To understand how the body regulates its cytokine levels, the researchers used a mouse model of systemic inflammation induced by the pathogen Yersinia pseudotuberculosis. The first thing they noticed was that the infected mice were not eating as much—a sign of likely metabolic changes. To asses nutritional status, the researchers looked at the levels of circulating amino acids, which are protein building blocks that support cellular health throughout the body.

Infected mice showed depressed methionine levels—an essential amino acid found in our everyday diets. Curious, Troha decided to feed a new batch of mice with methionine-supplemented chow, and surprisingly, these mice were protected against the infection.

ALSO CHECK OUT: Vitamin K Used in ‘Groundbreaking’ Prospective Treatment for Neurodegenerative Diseases

Further experiments showed that methionine reduced circulating cytokine levels by partnering with a surprising ally: the kidneys. Methionine increased the kidneys’ filtration capacity, improving blood flow and helping the body excrete pro-inflammatory cytokines through the urine. Importantly, this methionine-kidney effect cleared excess cytokines without hindering other key aspects of the immune response.

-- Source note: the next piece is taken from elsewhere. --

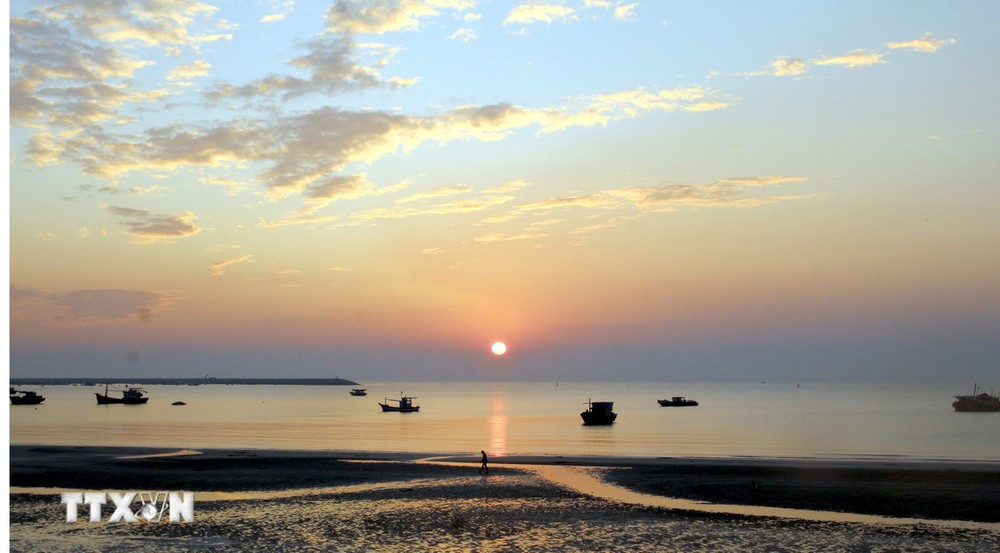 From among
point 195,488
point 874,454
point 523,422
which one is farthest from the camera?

Curious whether methionine’s effect was present in other conditions, the researchers also looked at sepsis and kidney injury models. They found that methionine was also protective for these mice, supporting that methionine may be a useful tool in other inflammatory disease settings.

By supplementing their diets with methionine, Salk scientists were able to give infected mice entirely different disease trajectories. The amino acid boosted the animals’ kidney function and protected them against wasting, blood-brain barrier dysfunction, and death without hindering their bodies’ ability to fight and kill Yersinia pseudotuberculosis.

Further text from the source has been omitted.